Thursday, January 24, 2013

The Twos. I'm Terrible at Them.


It has been almost 16-months since my firstborn was a two-year-old.


During that stretch I had somehow managed to obliterate from my memory exactly how absurd living day-to-day with a two-year-old really is. But, with my second son now hitting the two-and-a-half year mark, I can safely say, like Celine Dion before me, It's All Coming Back, It's All Coming Back to Me Now!

Just this past week I have found myself on the receiving end of tantrums on the following subjects:

  • I lost the car you warned me I'd lose if I brought it to the store.
  • This hot chocolate - it's hot!
  • Make the baby stop looking at me!
  • I don't see any helicopters.
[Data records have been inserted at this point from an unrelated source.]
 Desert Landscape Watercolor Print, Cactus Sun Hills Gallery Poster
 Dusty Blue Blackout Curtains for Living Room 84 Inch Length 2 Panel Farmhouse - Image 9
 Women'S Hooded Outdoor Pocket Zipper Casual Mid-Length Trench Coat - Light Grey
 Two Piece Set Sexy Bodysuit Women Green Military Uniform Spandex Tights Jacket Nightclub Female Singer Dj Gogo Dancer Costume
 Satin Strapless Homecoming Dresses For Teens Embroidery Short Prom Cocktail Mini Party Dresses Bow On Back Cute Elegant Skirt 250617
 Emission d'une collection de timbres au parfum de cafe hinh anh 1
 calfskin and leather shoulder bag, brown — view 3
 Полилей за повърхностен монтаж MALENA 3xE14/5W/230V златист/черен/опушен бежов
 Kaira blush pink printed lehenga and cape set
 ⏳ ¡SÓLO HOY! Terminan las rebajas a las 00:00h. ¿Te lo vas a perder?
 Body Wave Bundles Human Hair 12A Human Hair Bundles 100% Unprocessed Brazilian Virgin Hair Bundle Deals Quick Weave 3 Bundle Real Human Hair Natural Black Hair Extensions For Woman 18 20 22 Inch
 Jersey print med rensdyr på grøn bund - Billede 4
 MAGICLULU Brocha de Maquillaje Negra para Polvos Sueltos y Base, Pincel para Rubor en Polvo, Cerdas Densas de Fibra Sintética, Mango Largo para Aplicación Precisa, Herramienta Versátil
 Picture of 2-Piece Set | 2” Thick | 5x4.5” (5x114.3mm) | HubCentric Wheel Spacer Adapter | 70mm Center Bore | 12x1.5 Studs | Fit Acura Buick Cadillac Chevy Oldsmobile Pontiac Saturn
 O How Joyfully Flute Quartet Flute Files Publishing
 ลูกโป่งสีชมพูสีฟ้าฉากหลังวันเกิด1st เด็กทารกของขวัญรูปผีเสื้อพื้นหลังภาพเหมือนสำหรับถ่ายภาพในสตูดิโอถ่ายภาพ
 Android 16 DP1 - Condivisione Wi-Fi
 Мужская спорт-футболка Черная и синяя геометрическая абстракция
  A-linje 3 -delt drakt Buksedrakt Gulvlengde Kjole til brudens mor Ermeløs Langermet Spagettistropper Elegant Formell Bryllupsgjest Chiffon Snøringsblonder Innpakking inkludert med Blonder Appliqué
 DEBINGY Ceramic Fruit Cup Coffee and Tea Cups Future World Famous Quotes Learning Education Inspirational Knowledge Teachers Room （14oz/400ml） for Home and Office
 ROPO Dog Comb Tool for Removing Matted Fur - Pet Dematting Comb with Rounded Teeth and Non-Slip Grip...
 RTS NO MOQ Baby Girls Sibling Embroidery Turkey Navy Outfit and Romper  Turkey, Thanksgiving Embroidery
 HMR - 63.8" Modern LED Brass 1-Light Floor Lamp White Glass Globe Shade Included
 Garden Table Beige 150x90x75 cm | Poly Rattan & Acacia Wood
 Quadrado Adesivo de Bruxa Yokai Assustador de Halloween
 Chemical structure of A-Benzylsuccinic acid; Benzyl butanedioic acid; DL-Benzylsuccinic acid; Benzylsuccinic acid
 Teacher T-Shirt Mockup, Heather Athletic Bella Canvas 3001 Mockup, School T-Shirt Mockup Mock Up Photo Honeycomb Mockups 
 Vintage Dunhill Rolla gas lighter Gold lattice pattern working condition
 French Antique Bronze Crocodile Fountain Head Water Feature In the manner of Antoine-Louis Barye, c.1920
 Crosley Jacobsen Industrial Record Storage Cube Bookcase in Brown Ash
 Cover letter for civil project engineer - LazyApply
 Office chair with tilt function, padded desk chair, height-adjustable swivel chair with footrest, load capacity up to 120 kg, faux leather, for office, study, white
I want to see one RIGHT NOW!!!
  • There is something in my nose! It's boogers!
One thing that is awfully familiar this time around is the sensation of being ground down into a fine powder by my two-year-old's seemingly unending stream of irrationality. As a result, I find myself at times rendered frozen by a fear of setting my toddler off by doing something upsetting like, for example, failing to produce appropriately-pleasing aircraft in the skies with my mind. Such anxiety can result in an overwhelming temptation to do pretty much anything in my power to avoid these recurring tempests.


When I had only one child, I was fairly good about resisting this impulse. I was consistent in my blank-facing of bad behavior, I used timeouts judiciously, and I had a zero-tolerance policy for hitting or biting.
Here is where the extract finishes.